COLLATERAL ESTOPPEL OR JURY IMPEACHMENT: A LIMITED CHOICE
The Mansfield Rule
In deciding whether collateral estoppel should apply, the initial dilemma of the court, in Katz, was to establish a means of ascertaining whether the earlier verdict was in fact a compromise verdict, while at the same time placating the long-established Mansfield rule which prohibits a juror from impeaching his verdict.30 In support of her motion to quash, Mrs. Katz argued that jurors were incompetent to impeach their verdict and thus the depositions sought would violate the sanctity of the jury system. In addition, she asserted that the information sought would not be competent evidence, and therefore was not discoverable under the Federal Rules of Civil Procedure.
The court’s rationale in holding that the depositions were not sought for purposes of impeachment or collateral attack can be summarized in four basic steps. First, it relied on the representation of Lilly’s counsel that Lilly would not use the depositions in the New York state court to attack the Bichler verdict. Second, the court noted that both federal and state law barred the use of federal deposition in the New York state court should Lilly attempt to do so. Third, it was emphasized that the depositions sought would normally be within the scope of the federal discovery rules were it not for the Mansfield rule. Fourth, the court accentuated that there was no express prohibition against taking depositions aimed solely at cutting off the collateral estoppel effect of a judgment.
While it was probably correct in assuming that Lilly would be estopped from using the depositions in state court after asserting it would not do so, the Katz court nevertheless failed to address the question raised by the plaintiff’s argument.

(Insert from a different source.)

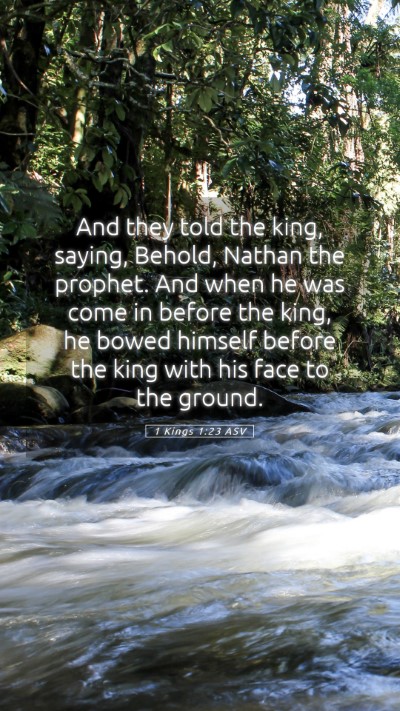 Picture 05 - 1 Kings 1:23 ASV Mobile Phone Wallpaper - And they told the king, saying, Behold, Nathan - Mobile Bible Verse Wallpaper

The contention of Mrs. Katz, as clearly exemplified by her cited authority, was that “public policy opposes such probing of motivations which inhere in a jury’s verdict. In the absence of good cause, jurors should be protected against post-trial efforts to ‘browse among their thoughts’ in an effort to invalidate their verdict.
The import of her argument was further clarified by her reliance on the express language of Rule 606(b) of the Federal Rules of Evidence which provides that a juror is not a competent witness in an inquiry into the validity of a verdict. The issue therefore was not whether Lilly would be able to use the Katz depositions in the New York system, but rather whether the taking of the depositions for use in the Katz litigation would, in itself, violate the impeachment rule.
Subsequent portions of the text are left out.